Andrew Bowley made a good point about how the pursuit of MTF status for NX had been going on for a long time and wasn’t just a knee jerk reaction to the increasing regulatory pressure on the dark pool phenomenon. He also talked about how greater transparency
was a good form of advertising for his brand and would help attract customers. This would seem to be the case, too, for Instinet’s dark pool -
BlockMatch - which went down a similar MTF route. Other dark pool operators don’t quite share Andrew’s view on transparency although this is a function of their diversity rather than any attempt to be necessarily opaque. On both sides of the Atlantic there
is a wide array of activities being labelled dark pools, all of them offering different services aimed at different market sectors. In the US, for example, dark pools operated by
Knight are market maker dark pools where the pool operator is always taking the other side of the trade. Others, like
Liquidnet, are buy-side only crossing networks. In yet another category are the venue operated pools such as
Chi-Vision or the
LSE’s Turquoise (nee Baikal) that offer aggregation services by providing dark SOR connectivity to other dark pools. And, finally, there are the broker-owned dark pools such as
SigmaX (Goldman Sachs) and
Crossfinder (Credit Suisse). This is what is causing the regulators such a headache as it’s impossible to regulate effectively in such a diverse environment.

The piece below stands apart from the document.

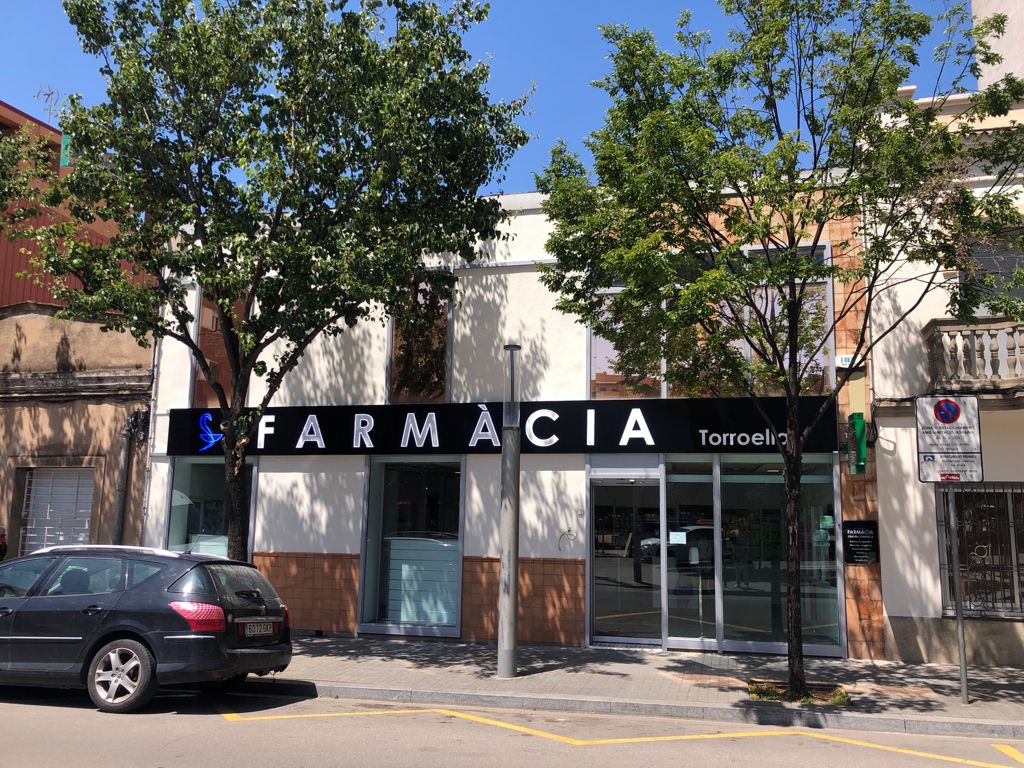 Farmacia Torroella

This is all part of a wider transparency issue in Europe that revolves around the lack of agreed standards for pre- and post-trade market data. I have commented a few times that an industry derived solution would be better than anything imposed from above.
This, however, requires that industry players adopt a grown-up approach and collaborate when perhaps their instinct is to try and compete. With this in mind, it was interesting to read the
European Data Consolidation paper sent to me by Andrew Allwright at Thomson Reuters. While it naturally has a Reuters sales bias it does succinctly highlight the issues and make a number of sensible recommendations that could form the basis of a long term
solution. I’m not sure that all the proposals outlined will work in practice but this is a community problem and I believe we should be working together to resolve it. Naturally it will require some discussions about the detail.
It would be interesting to know what people think about the best way to resolve this current lack of transparency in pre- and post-trade data. Market collaboration by industry participants? Further regulatory intervention?